My father was never present, ever. My brother was.
“What did I ever do, that was so bad, to deserve you?”
She dragged that one out as she yelled it. Not easy to do in a high pitch of hysteria. “What…..did I ever……do……that was so bad…..to deserve you?” That began when I was in junior high, and continued through high school. She’d yell it up the stairs at me. I can only recall three occasions in twelve years in that house when she actually came up to my room. An example of what I might have done to have that screamed at me was not folding the laundry fast enough. My father never heard those words. My brother did.
“My mother told me I’d be punished one day when I had a child. You’re my punishment.”
Ah such encouraging loving nurturing maternal words. It wasn’t a matter of if that endearment would come out of her mouth, but when. My father was never there. My brother was. He was being trained from my very early years to believe that I was worthless. He was as good a student at learning to see me as insignificant, as I was a student at being beaten down.
“You wouldn’t be so ugly if you smiled.”
That one had an exquisite meanness, because she started it right around the heartbreaking mine field that was puberty, and it went on through high school. It was her version of what other mothers said: “You’re so pretty when you smile.” That statement increased to a weekly routine. Want to imagine what that causes a girl told by her mother, the person she is meant to trust, to see in a mirror? Even now, a lifetime later, when someone tells me I’m well, aw shucks, attractive, I look behind me. Never did she say that when my father was present. Always when my brother was.

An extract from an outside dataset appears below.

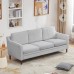 Fuloon sofa cushion cover Jacquard leaf waterproof coating | 3PCS | Light Gray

“No man will ever want you.”
That started in high school. Again, never when my father was there. And it escalated after he died. There were a variety of reasons that would set her off to scream that at me, but she continued to say it to me long distance, when I ran 3,000 miles away from her. I knew she was just being mean, telephonically. (Someone used that word with me once. I hate it.) By the time I was about twenty-seven and living with a man in New York, that phrase finally stopped. It may be the wrong reason I chose him when I did.
No man ever did truly cherish me. I was never taught how to be cherished. But that wasn’t what she was screaming. It certainly wasn’t what she meant.
“You have a much higher IQ than your brother. Why aren’t you doing better in school?”
Again, yelling. She was informing me that I was very smart, a good thing, but why was she yelling it? She went on to accuse me of having trouble in physics entirely on purpose just to embarrass her. Since my father was a teacher he had a copy of everyone’s IQ. There it was in black and white, and she stabbed at my name on the page on the dining room table with her finger. I had been told, all my young life by her, that I was stupid and how smart she was. Now she was yelling that I was smart. Neither my father nor my brother was there that day. But I remember closing the front door so the neighbors wouldn’t hear her screaming at me.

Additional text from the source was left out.